第 i 个 worker 上的计算线程重复以下步骤:
- 获取锁 \(m_i\)。
- 在一批输入数据上计算局部梯度 $∇ F (x^{(i)}) $。
- 释放锁 \(m_i\).
- 用局部梯度更新模型,$x^{(i)} = x^{(i)} - γ∇ F (x^{(i)}) $。
第 i 个 worker 上的通信线程重复以下步骤::
- 获取锁 \(m_i\)。
- 与所有其他 worker 的模型通信以平均本地模型\(X^{(i)}\): \(X^{(i)} = \frac{1}{n} \sum^n_{j=1}X^{(j)}\)
- 释放锁 \(m_i\).
每个 worker 独立并发地运行这两个线程。
3.4 分析
大家可以看到,本质上就是计算线程和通信线程都是自己操作,但是依赖锁进行彼此协调,达到了异步的目的。
3.4.1 异步通信实现
AsyncModelAverageAlgorithmImpl 是异步通信的实现。
class AsyncModelAverageAlgorithmImpl(AlgorithmImpl):
def __init__(
self,
process_group: BaguaProcessGroup,
peer_selection_mode: str = "all",
sync_interval_ms: int = 500,
warmup_steps: int = 0,
):
"""
Implementation of the
`AsyncModelAverage <https://tutorials.baguasys.com/algorithms/async-model-average.html>`_
algorithm.
The asynchronous implementation is experimental, and imposes some restrictions.

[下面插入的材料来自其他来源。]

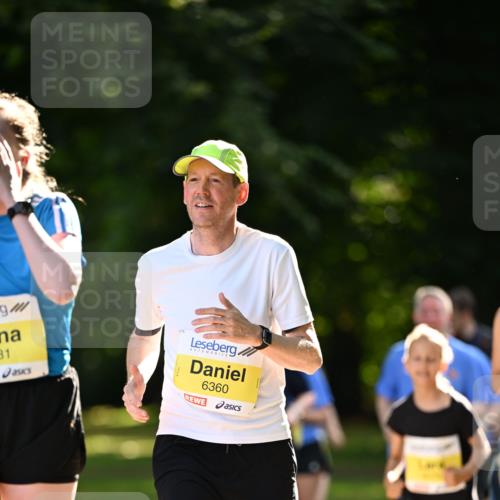 25.08.2024 - 20. Blankeneser Heldenlauf Dr. Thomas Lammeyer http://msf.ph/oto/6809021 25.08.2024 10:24:12 Laufen 9, 11, 31, 6360 meine-sportfotos.de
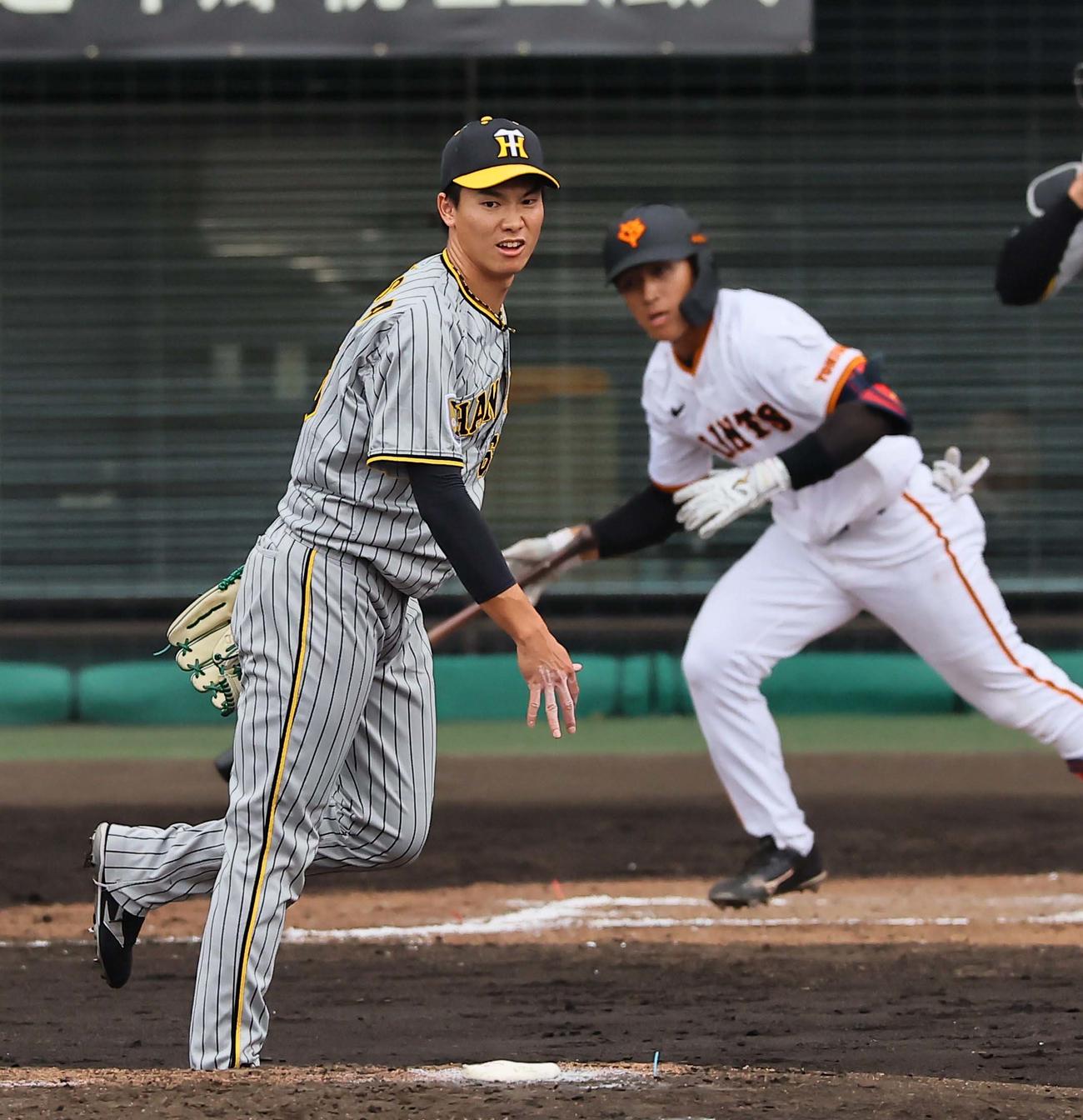 巨人対阪神　7回裏巨人1死満塁、湯浅は中田に2点適時打を浴びる（撮影・上田博志）
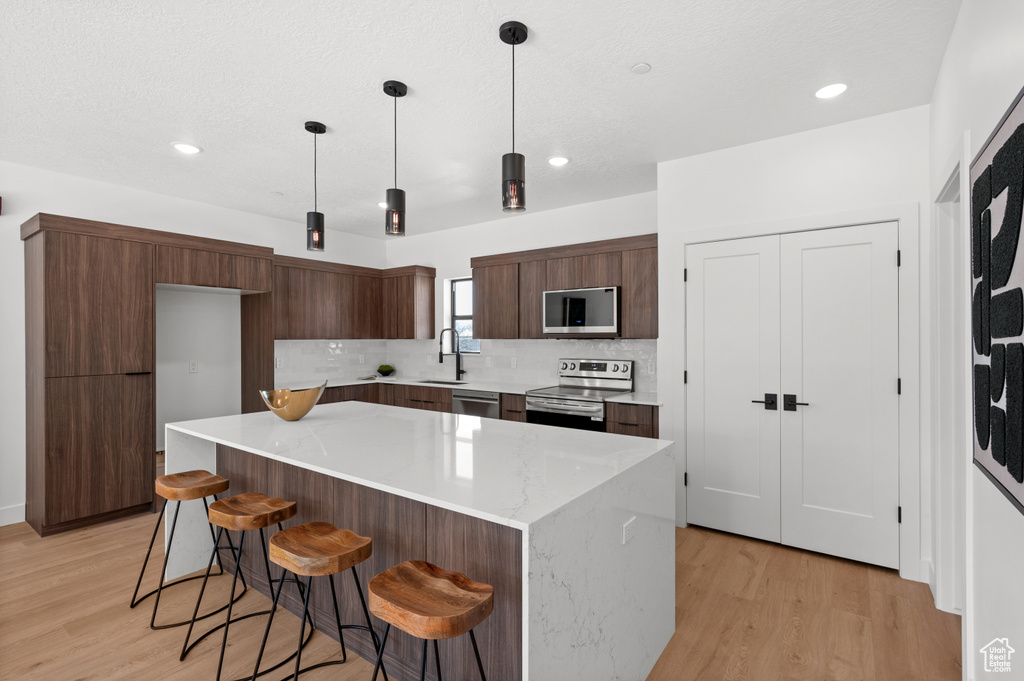 4372 S 900 E Millcreek, UT 84124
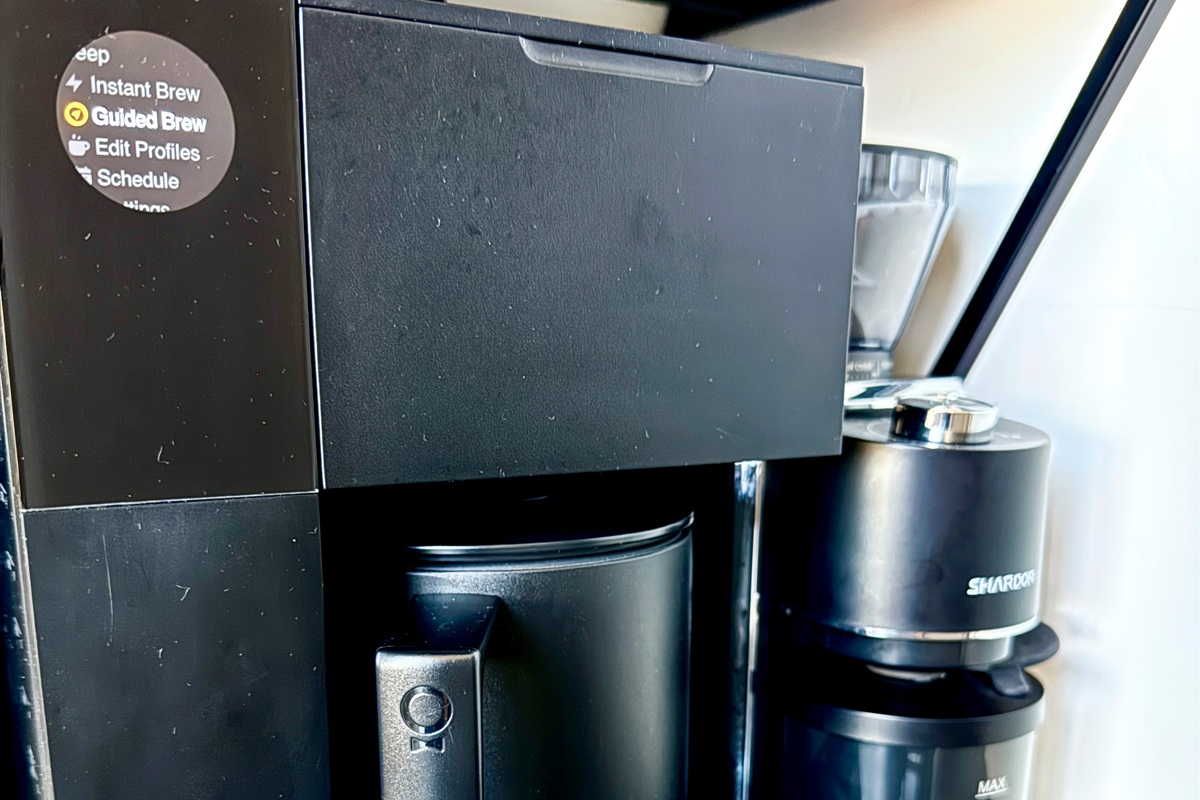 The most bad coffee machine to make a great cup of joe at any time of day. Coffee machine, grinder, fresh beans, sugar, cream provided. Also provide a tea kettle and tea drops for tea lovers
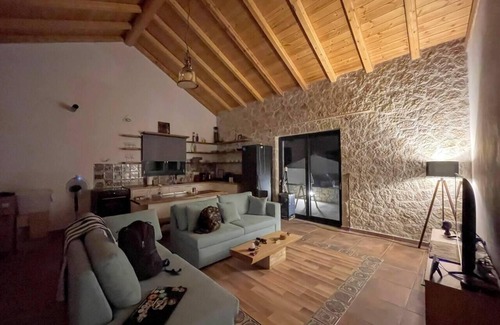 Parelia Villa | Villa with pool in Pelekas near the beach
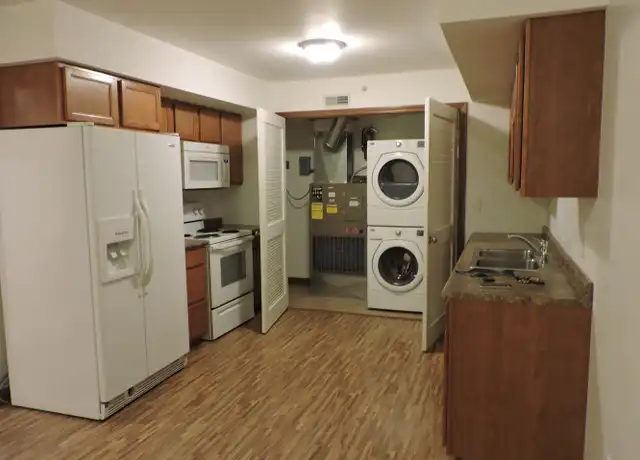 Property at 456 Second St Unit 10, California, PA, 15419, 2 beds, 1 bath, [object Object]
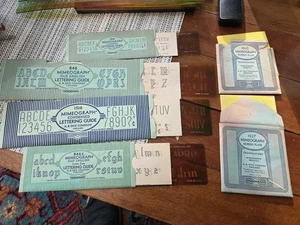 Lote de 4 guías de letras vintage A.B. Mimeógrafo Dick y 2 placas de pantalla  - Imagen 1 de 7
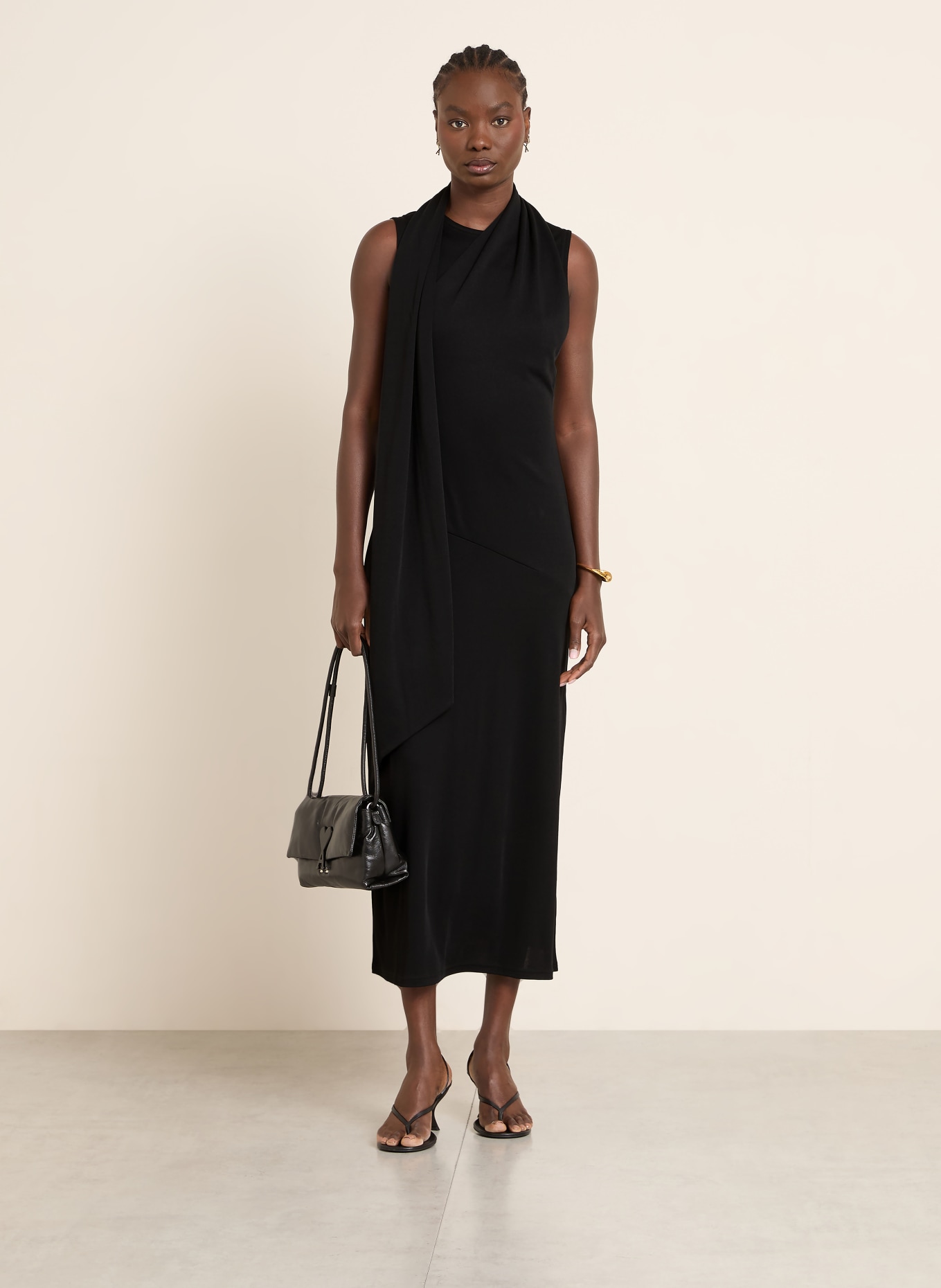 AMI PARIS Jerseykleid mit Schluppe: SCHWARZ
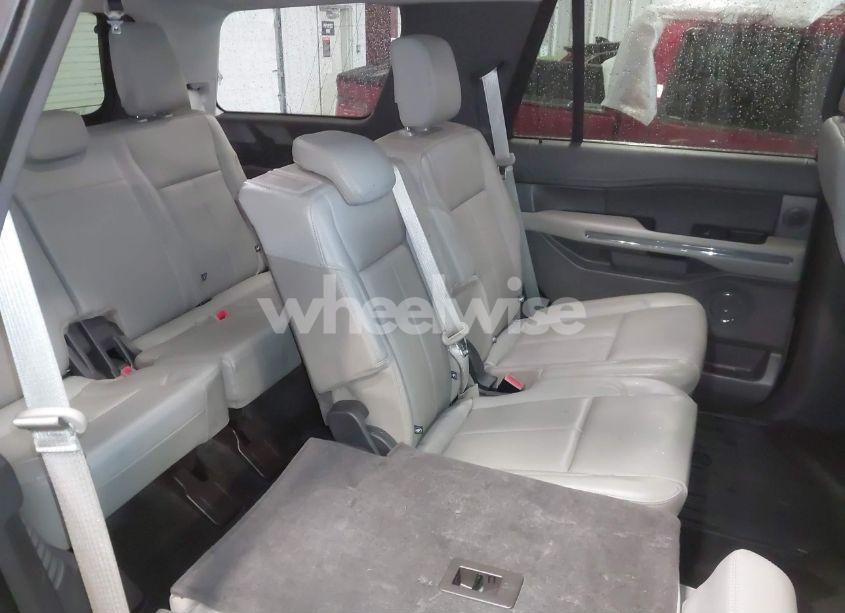 Photo 8 of 2018 Ford Expedition XLT (VIN 1FMJU1JT0JEA30011)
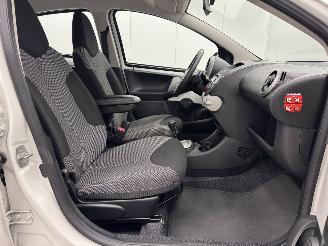 Toyota Aygo 1.0 VVT-i Autom. 5-drs Airco picture 9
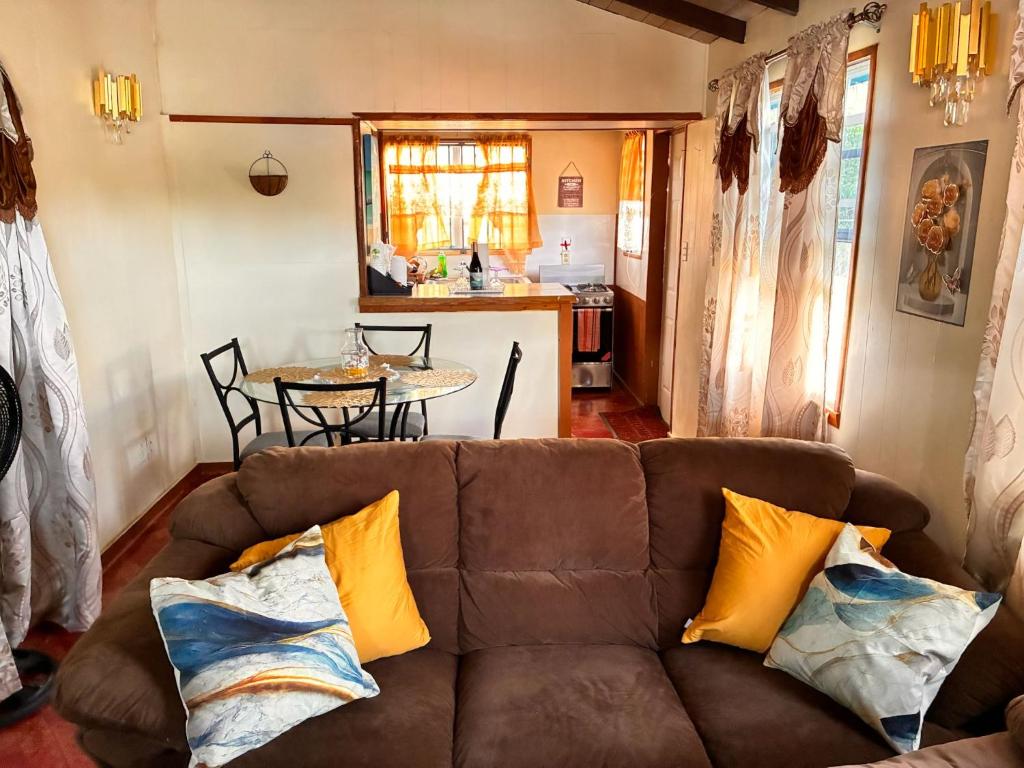 Posezení v ubytování AJs Cottage Escape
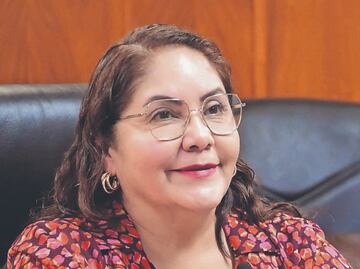 “Olvidan” en Veracruz hacer las medallas para maestros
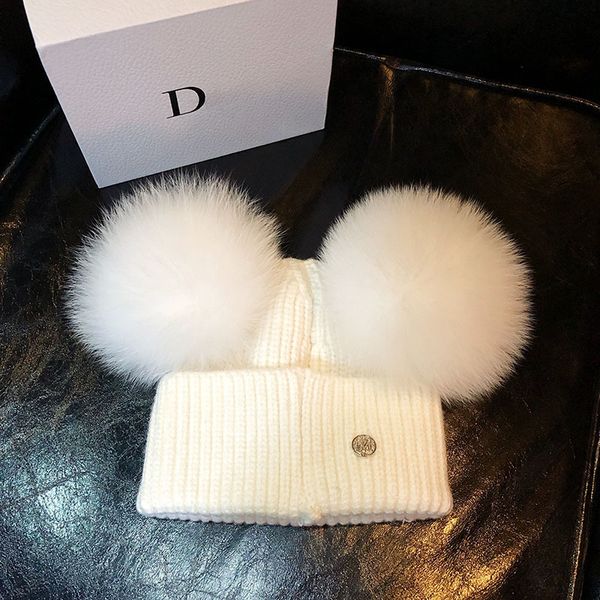 ht021 winter 16cm real fur ball pom poms for lady knitted cap hat skullies women beanies, Blue;gray
ht021 winter 16cm real fur ball pom poms for lady knitted cap hat skullies women beanies, Blue;gray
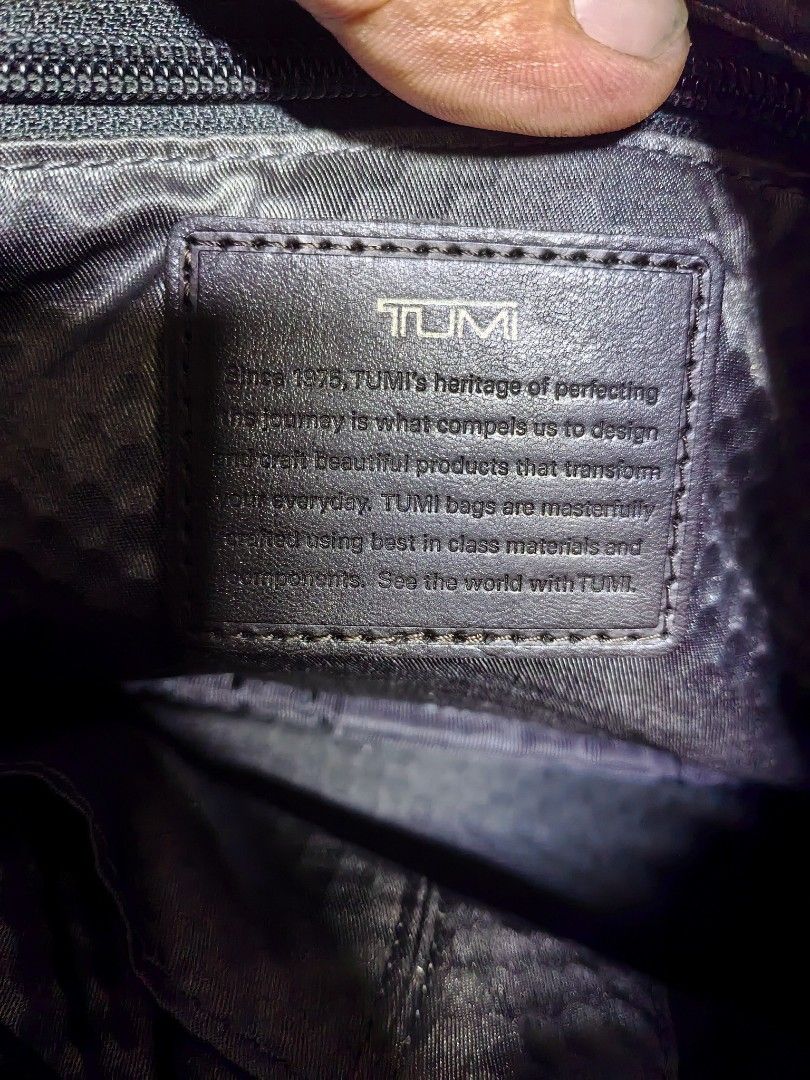 Tumi sling bag Otentik (Category: Sling Bags) located in Iloilo. Submitted by luxury.ilo1984 (Listing ID 1469951366, Image 3). Description: Super excellent condition no issue Guaranted Otentik Size small to semi med.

With such asynchronous algorithm, the number of iterations on each worker are different. Therefore
the current implementation assumes that the dataset is an endless stream, and all workers continuously
synchronize between each other.
Users should call :meth:`abort` to manually stop the algorithm's continuous synchronization process.
For example, for a model wrapped with `.with_bagua(...)`, you can abort with `model.bagua_algorithm.abort(model)`,
and resume with `model.bagua_algorithm.resume(model)`.
Args:
process_group (BaguaProcessGroup): The process group to work on.
peer_selection_mode (str): The way how workers communicate with each other. Currently ``"all"`` is supported.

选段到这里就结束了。